Low interests and a renewed push by the government as part of Bush's "Ownership Society" encouraged more and more people to consider ownership, which was anyway a deeply ingrained component of the American imagination. At the same time, exotic processes were developed to securitize real estate debt. Whereas previously most home loans were underwritten and/or held by the large clearinghouses like Fannie Mae, a few years ago means were developed to securitize debt so that it could be traded on the market. This increasing demand for the securities had two impacts, at the beginning and end of the bubble: at the beginning, it increased the push towards ARMs that would eventually cause the bubble to pop (to wit: the sub-prime market), and at the end of the bubble, the complex web of holdings made it problematic when default increased for the lenders to refinance debt. Normally of course the lenders have a substantial incentive to help borrowers refinance, since the lender would lose more money on the foreclosure. But with the billing services outsourced and the debt holders themselves not serving as lenders, extricating debt from the securities in order to prevent foreclosure created a deadly loop; financing options dried up, foreclosures went up, and massive losses accrued.
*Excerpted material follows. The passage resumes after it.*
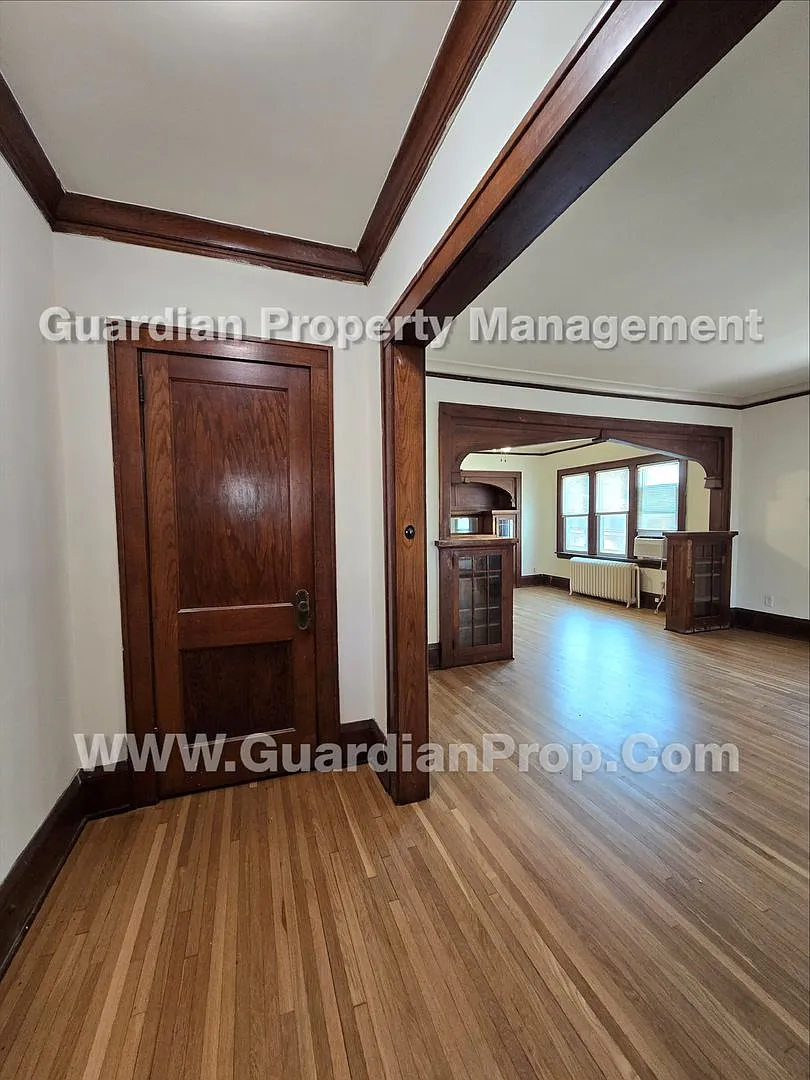Large main floor duplex unit, Updated Kitchen & Bath, Full Dining Room w/Built-ins + Sunroom, gar... — Photo 2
The core of the piece in Harper's concerns whether or not these realities exist in the alt energy market; I see no reason to believe they don't. Massive government expenditure, public popularity, and the possibility of strong returns on investment could lead to a massive increase in demand for securitized holdings in alt energy companies. The piece from the P-I I referenced above demonstrates part of this issue, particularly vis-a-vis the encouragement for publicly controlled funds to be invested in the market. CalPERS was hit extremely hard by the dot-com bust, and recently the NY Times reported on the massive losses to Florida cities that deposited money in a state controlled pool that was itself heavily invested in housing debt.

In short, bubbles have nothing to do with how important or "real" the goods of the sector in question; they have to do with finance and investment. And the consequences from unwise investing are very real.